■ WHAT TO WORK ON
Repeat the data verbatim, images excluded.

■ INFORMATION SUPPLIED
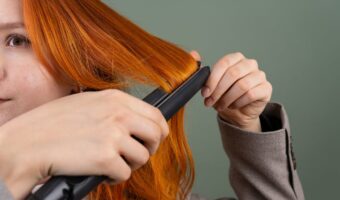 Cómo alisar el cabello de forma natural con el método japonés de banana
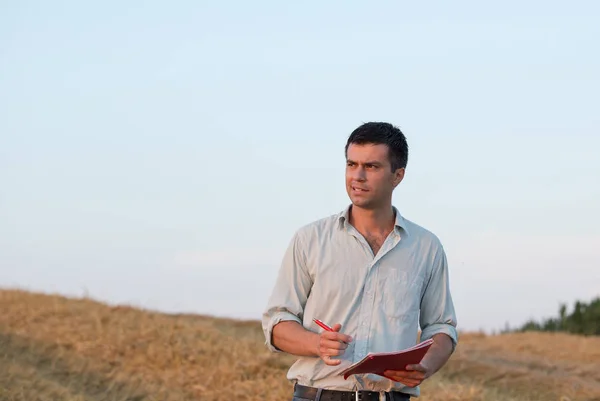 Agricultor com caderno em campo — Fotografia de Stock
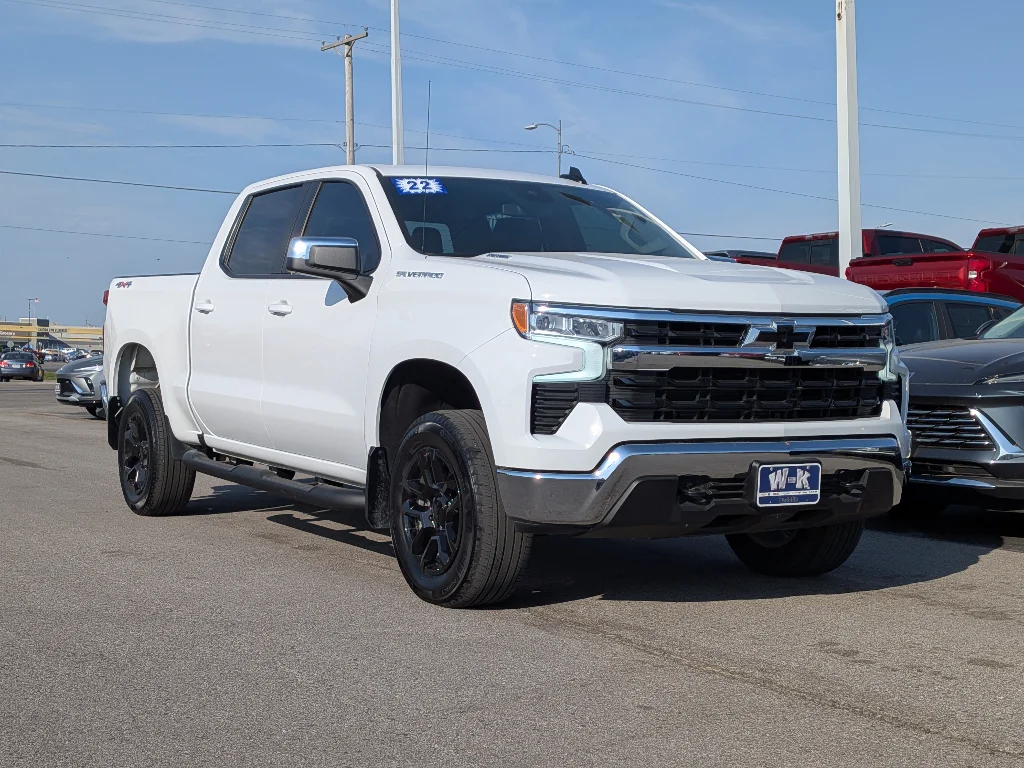 Used 2025 Summit White Chevrolet LT image 1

■ RESPONSE TO THE EXERCISE
 Cómo alisar el cabello de forma natural con el método japonés de banana
 Agricultor com caderno em campo — Fotografia de Stock
 Used 2025 Summit White Chevrolet LT image 1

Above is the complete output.